The USDA Forest Service will consider climate change in land management plans. Credit: NOAA Climate Program Office

After the 2012 National Forest System Planning Rule directed the USDA Forest Service to begin considering climate change in their land management plans, Forest Service personnel turned to NOAA’s Climate Explorer tool to get projections of future climate conditions. This tool from the U.S. Climate Resilience Toolkit provides climate projections for every county in the contiguous United States.

Working with developers of the open-source Climate Explorer, Forest Service employees from the Forest Service Southern Region, Southern Research Station, and the USDA Southeast Climate Hub requested a version of the tool that would let them access data for specific geographical units. The derivative tool, capable of accessing projection data by ecoregion within National Forest System lands, was dubbed Climate by Forest.

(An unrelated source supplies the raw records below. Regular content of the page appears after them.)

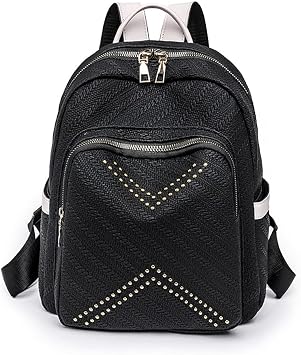 Large Capacity Backpack For Women, Travel Leisure Laptop Bag, Quilted Notebook Backpack With Rivets And Anti-theft Zipper Black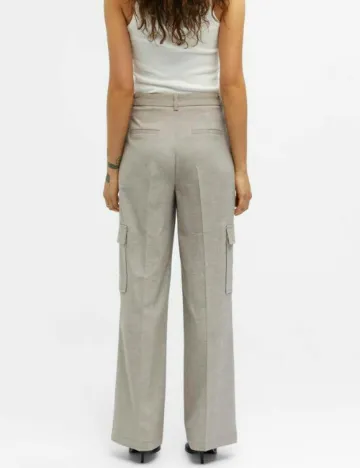 Pantaloni Object, crem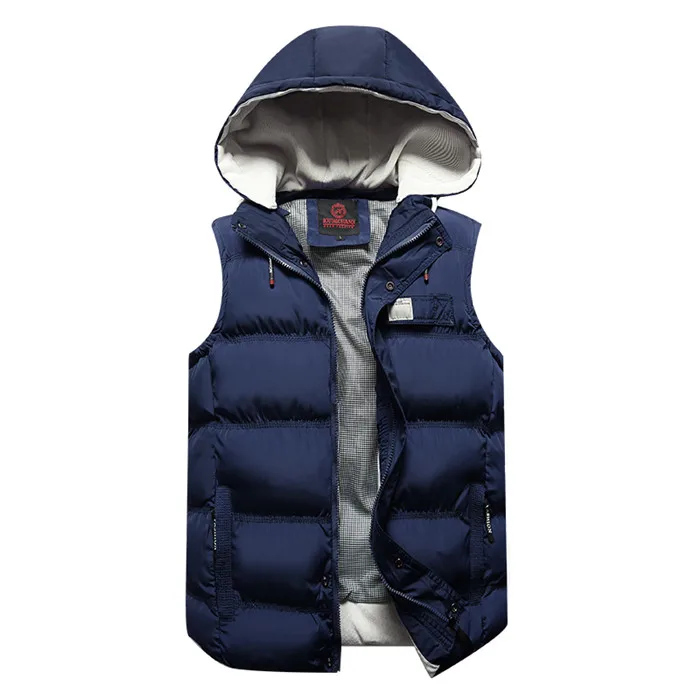 Мужская пуховая жилетка с хлопковой подкладкой, зимняя куртка, жилет без рукавов, однотонная, на молнии, толстая, с капюшоном, пальто, Мужское пальто, теплые жилеты - Цвет: HQ666 blue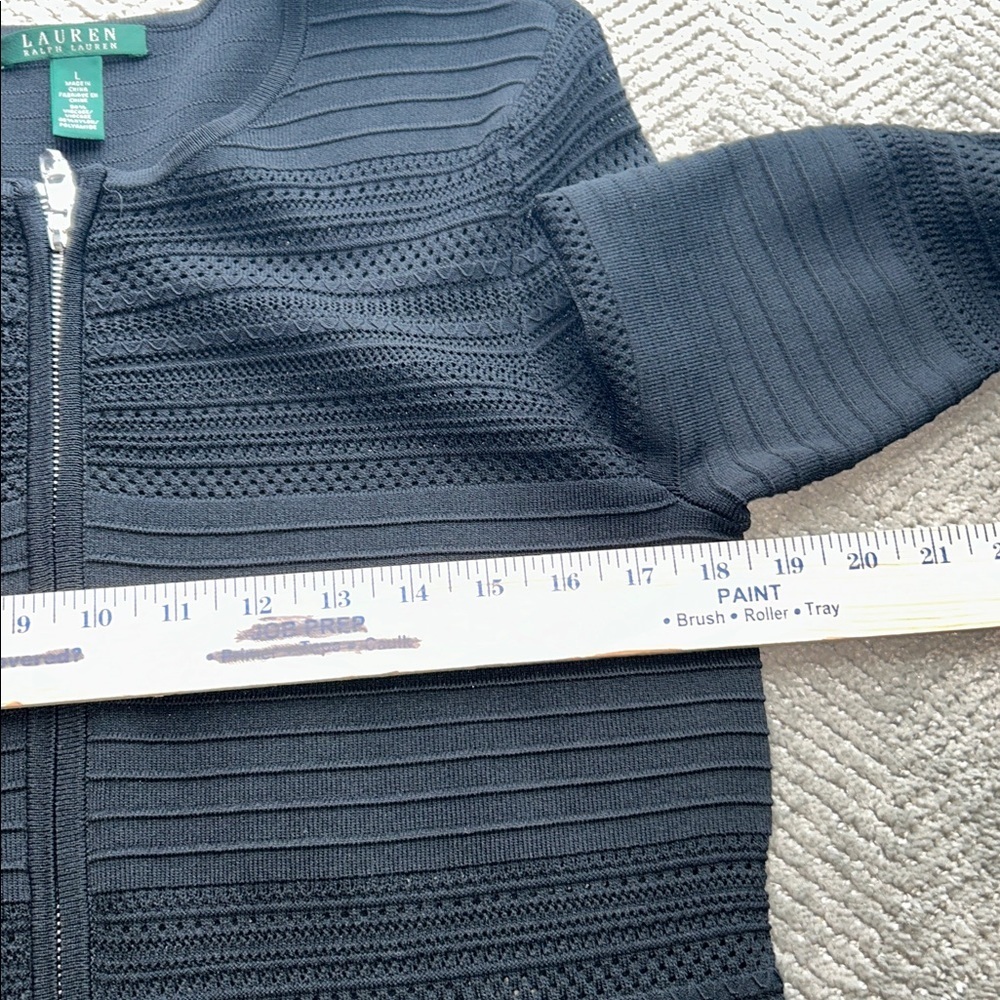Ralph Lauren  Women  Cardigan Sweater Full Zip Size Large Black Long Sleeve - Picture 8 of 11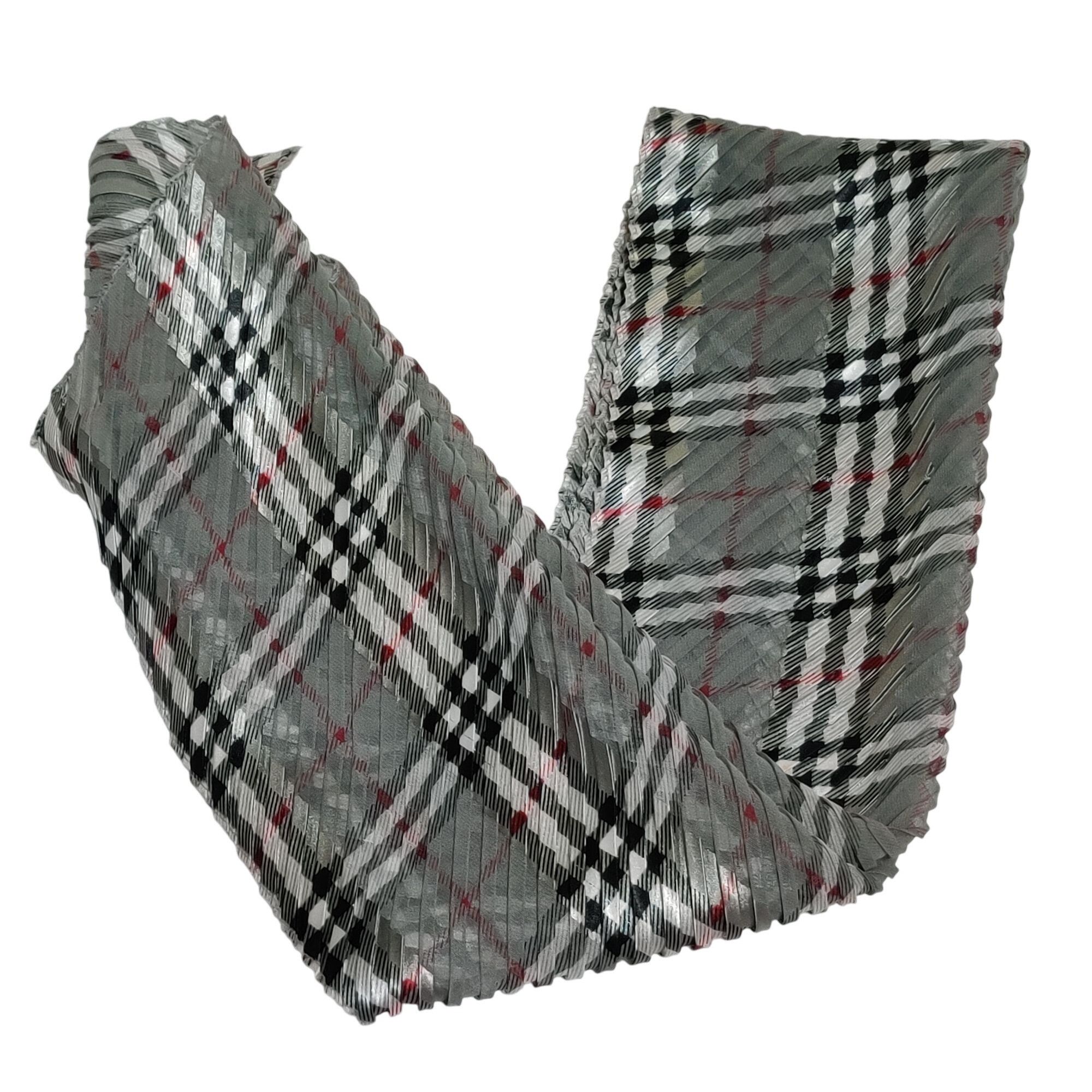 Other Classic Nova Check Plaid Scarf Neutral Gray Black Crinkle Pl Size ONE SIZE - 7 Thumbnail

Using this first version of Climate by Forest, forest planners could obtain climate change graphs and data files with just a few clicks. However, they still had to perform statistical analyses on the data to test whether projected changes would lead to a significant departure from historical conditions. This second step required days to weeks of a climate specialist’s time to find, process, and reformat a large number of data files. Forest Service personnel, led by then regional climate change coordinator Emrys Treasure, came up with a way to produce summary statistics (including significance and uncertainty tables) for each national forest unit’s ecoregions. Developers incorporated the relevant statistical methods into the tool, enabling managers for every forest unit in the lower 48 states to access projections and the relevant statistical documentation for their plans from Climate by Forest in a matter of minutes.